Camaradería de asesinos profesionales (los Navy Seals), entre
misiones antiterroristas, conversaciones familiares en mitad de los montes afganos
donde viven los Talibanes y mucha, muchísima sangre aguerrida y unas gotitas de
“buen rollito” (como la escena de los pastores). Desde el principio al final de
esta épica patriotera, tenemos lenguaje militar (“afirmativo”, “negativo”, “Spartan a base, cambio”, “aquí centro
táctico”, etc.), tecnología de ultimísima generación, una música minimalista
machacona, cámara desenfocada en mano, sangre digital y “un contacto de la
hostia con los del otro bando” (sic). Lo más destacable del film es la idea que parece sugerir: que
de vez en cuando, incluso a los matones de patio de colegio también les dan una
buena patada en el culo. Y, así, como escribió Irene Crespo en Cinemanía, tenemos un título con spoiler. Igual es la única forma de
hacer cine bélico que no sea pro-bélico. Ver a 4 Seals saltando a un supuesto precipicio como si fueran los Take That en el escenario ya es para
mear y no echar gota. Como la calidad y convicción de los maquillajes. O como
la saturación de la pista de sonido.

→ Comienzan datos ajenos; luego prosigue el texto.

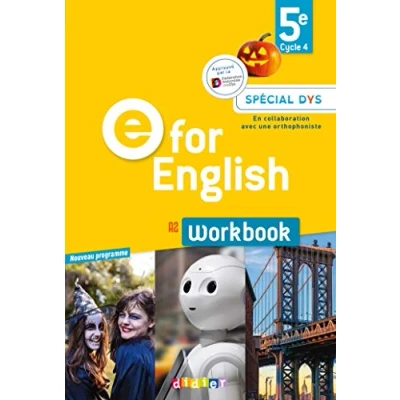 Afbeelding van E for English 5ème A2 Cycle 4, Cahier d&#039;activités Workbook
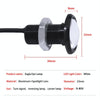10 PCS 23mm 1.5W DC9-80V Motorcycle Eagle Eye Light Single Lens(White Light)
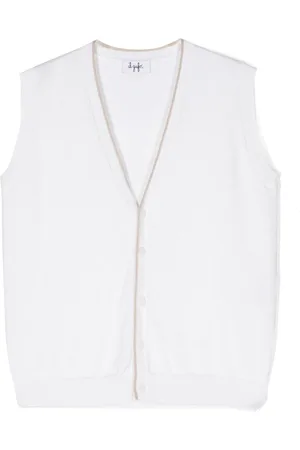 Il gufo Buttoned knitted vest
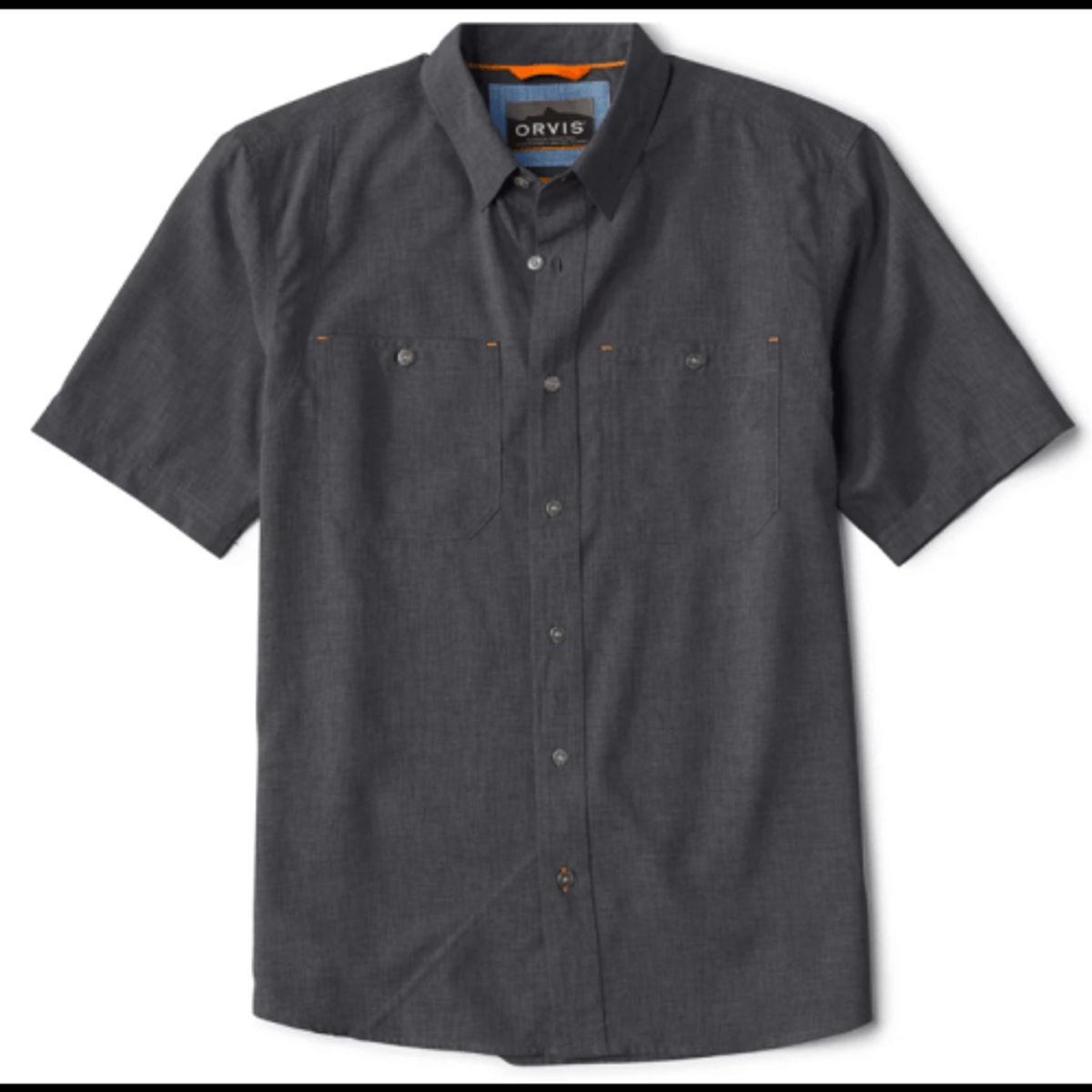 Orvis Tech Chambray SS Work Skjorte Black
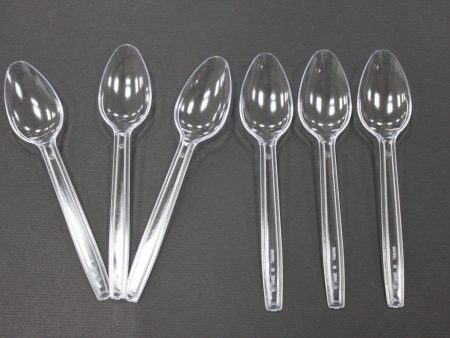 Disposal Plastic Spoons Packet - Clear, 100 spoons Sale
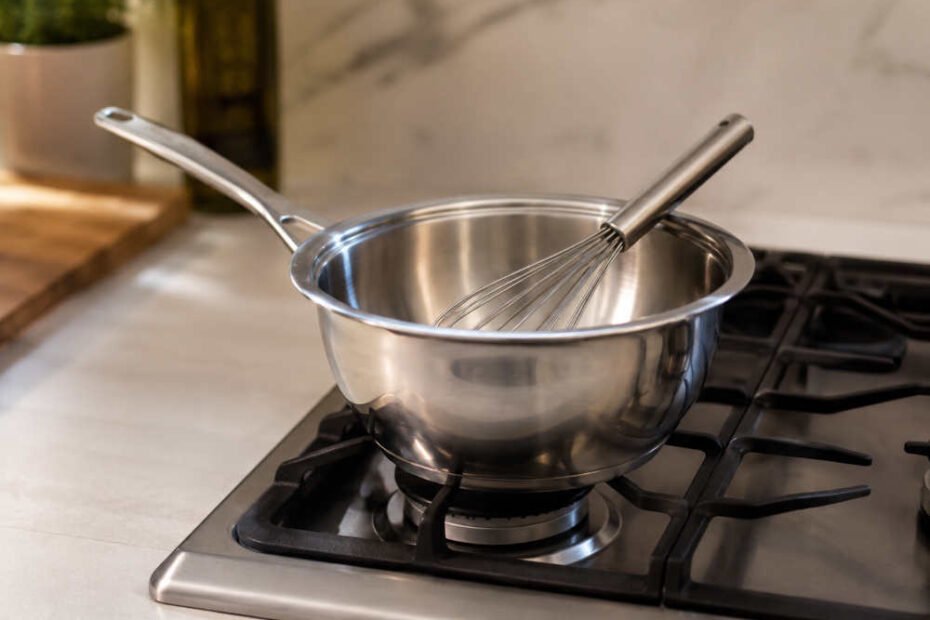 Las mejores sauciers: saucier de acero inoxidable con paredes curvas para salsas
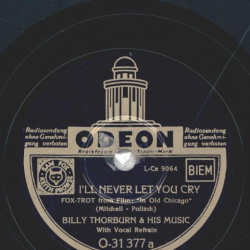 Billy Thorburn & his Music - Ill never let you cry / The Lamberty Walk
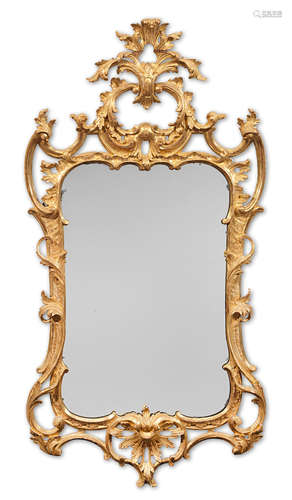 A George III giltwood and gilt gesso mirror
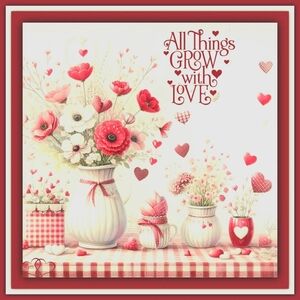 Floral Art Print with Inspirational Quote (Closet Ad)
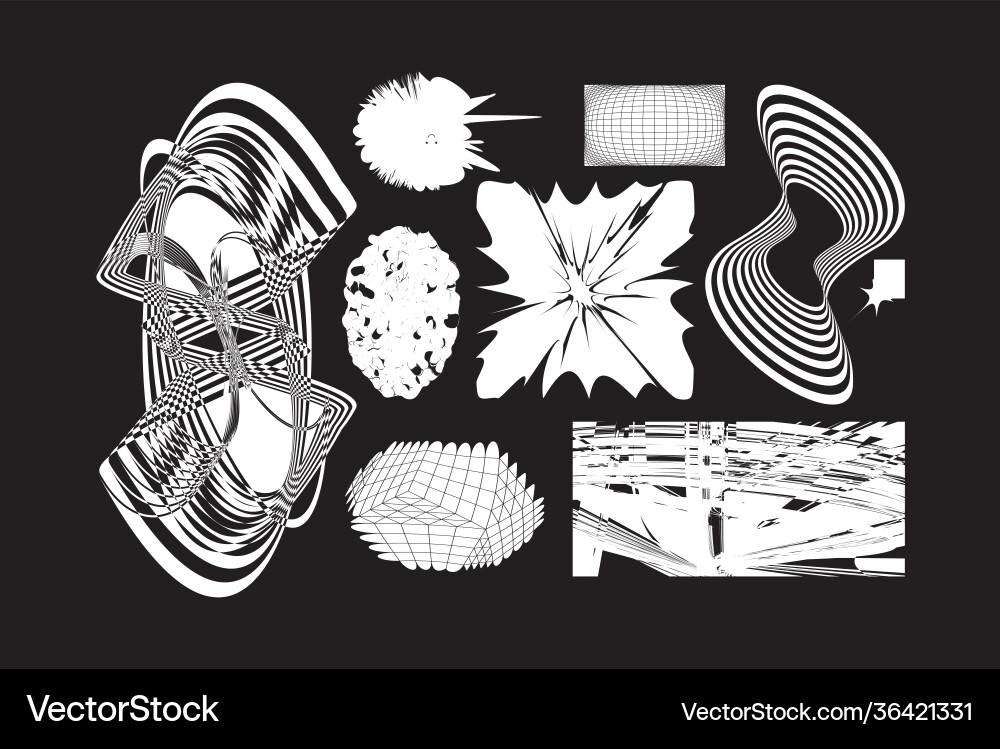 Abstract geometric shapes set transition effect Abstract geometric shapes set transition effect vector image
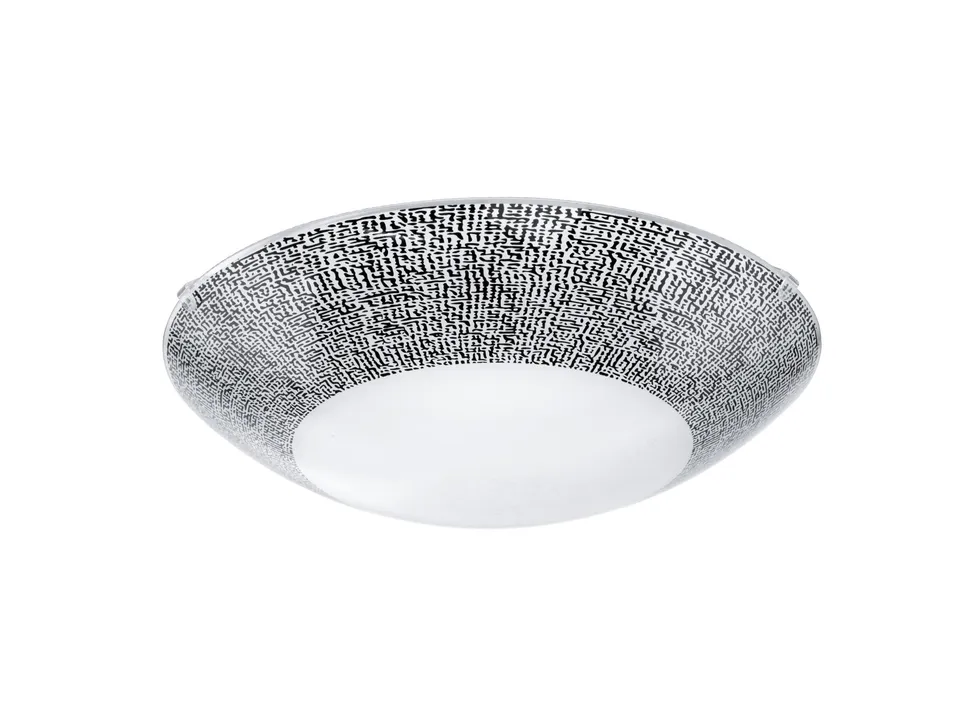 eglo-magitta-1-led-deckenlampe-31-5-cm-wei-schwarz-1600-lm-warmwei image 1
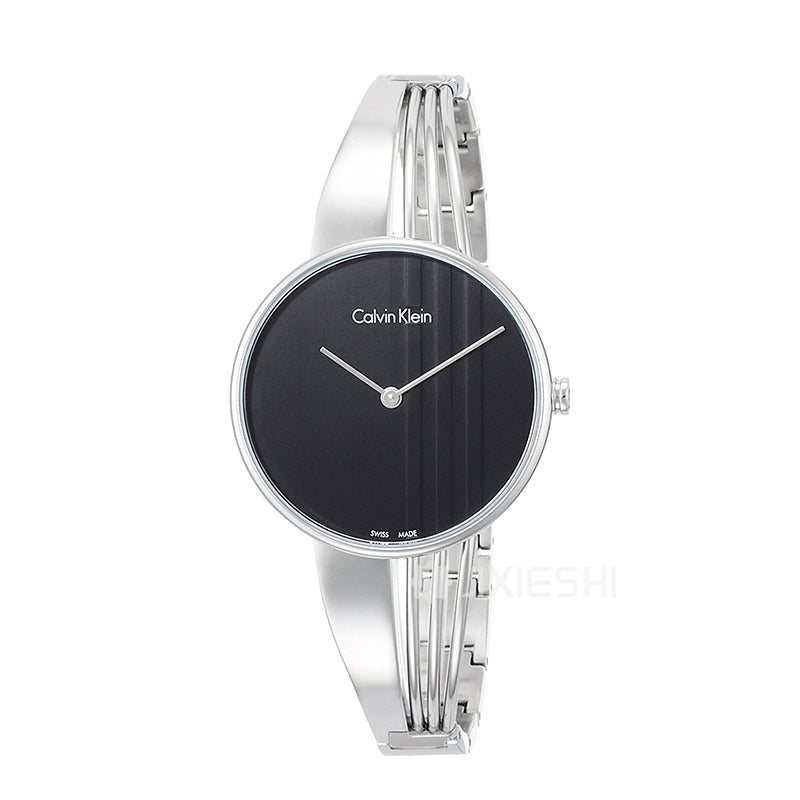  Shop Authentic Calvin Klein Drift Black Dial Silver Steel Strap Watch for Women - K6S2N111 - Luxxuri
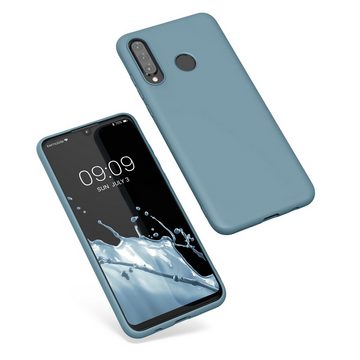 kwmobile Handyhülle Hülle für Huawei P30 Lite, Hülle Silikon - Soft Handyhülle - Handy Case Cover - Arctic Night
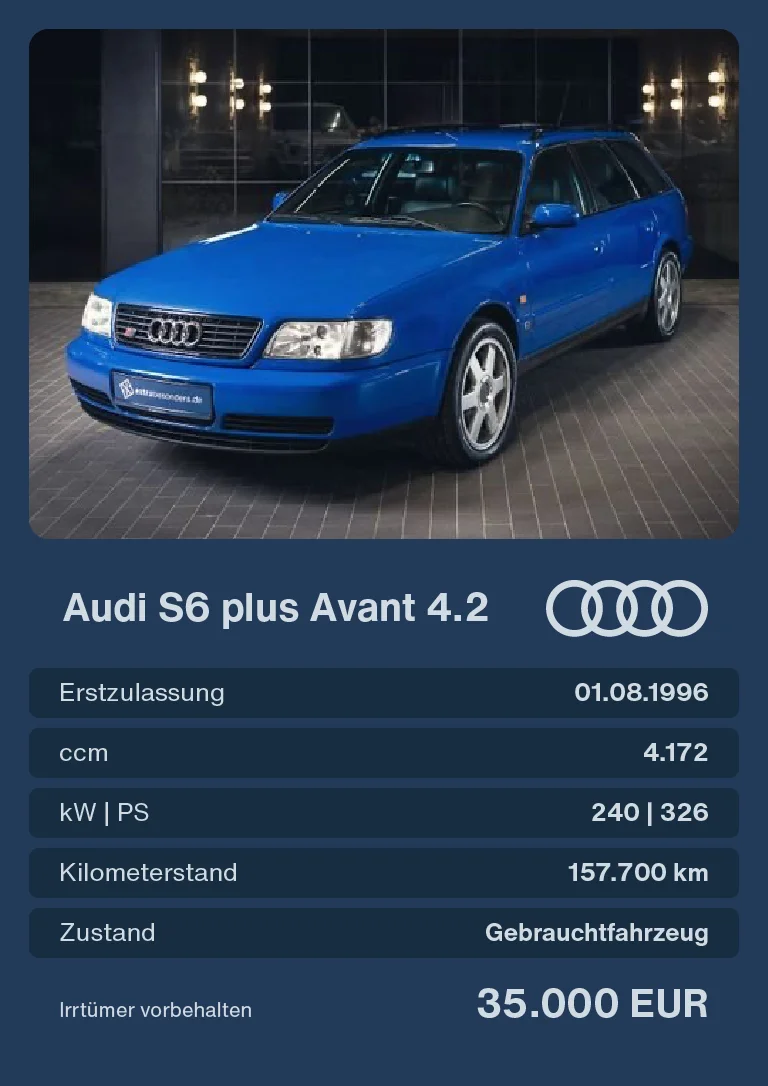 extrabesonders Audi S6 plus Avant 4.2 kaufen - Mehr Details extrabesonders Audi S6 plus Avant 4.2 kaufen - Mehr Details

En fin, carne procesada de la buena, recomendable
para todos aquellos que han crecido con el cine de acción rancio, musculado y
ultraconservador de la Golan-Goblus. O, bien, para quienes desayunan Fast & Furious por la mañana y, de
repente, se dan cuenta de que tienen un Seat
Ibiza que todavía no han pagado y están en el paro. “Ahh, coño, pues al
ejército”. ¿Os acordáis de Southern
Comfort? Pues de ese palo. Pero, eso sí, sin la clase, el arte y la malicia
de Walter Hill. De hecho, al final salen las fotos de los “héroes” reales, los
de la operación Red Wings original. A
quienes van dedicada la película (sic).